Personnel of the Ghana Immigration Service (GIS); especially those who took part in last Monday’s independence Day parade are seething with anger- ready to vent their spleen on their superiors- over news that preparations were not made to give them any allowance after they marched on the scorching sun, whereas their colleagues in the police, military, fire service, and other security outfits have received theirs.
They have consequently given their superiors up close of day today to explain why the junior ranks should not take any action against them for their failure to ensure that adequate preparations were made especially for those who stood on the scorching sun to march.
“We cannot devote our precious time to work and be taken for granted by our bosses who played no role on the day of the parade. Look, we found out that, that for the police and military were given out immediately they got back to their barrack so why was our case different?” a distraught personnel, whom we garb with the cloak of anonymity told this paper a day after the independence parade.
Immigration sources say what annoyed the personnel most was that “after we had returned from the parade, our provost, ACO1 Dovi summoned all of us and congratulated us for how wonderfully we performed during the marching and launched straight in ‘unfortunately, we could not arrange anything for you.

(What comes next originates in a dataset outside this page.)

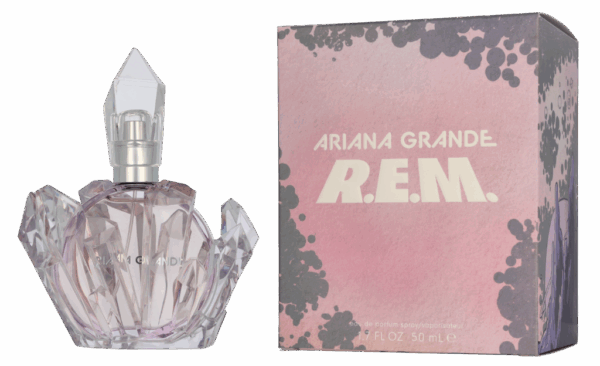 Ariana Grande R.E.M. Eau de parfum Spray 50 ml Dames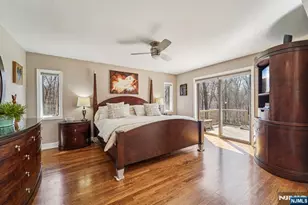 30 Ironia Mendham Rd, Chester, NJ 07930 - Photo 17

We are still working on it so let’s see what the Lord will do,’ can u imagine that?”
In attendance at the parade were, officers from the Ghana Police Service, Ghana National Fire Service (GNFS), Custom Exercise and Preventive Service (CEPS) among other officials from the public institutions.
Amongst other things during his delivery on the day, President Nana Addo Dankwa Akufo-Addo, indicated that being independent means one had the freedom and the ability to move informed decisions in life without having to ask other people for permission, help or money but takes full responsibility for seeing things through.
He noted that if the signing of the bond of 1844 mark the formal start of the gold coast colony, then the formation of the Aborigines Rights Protection society on 4th august, 1897, in cape coast, marks the start of the struggle for political independence in Ghana.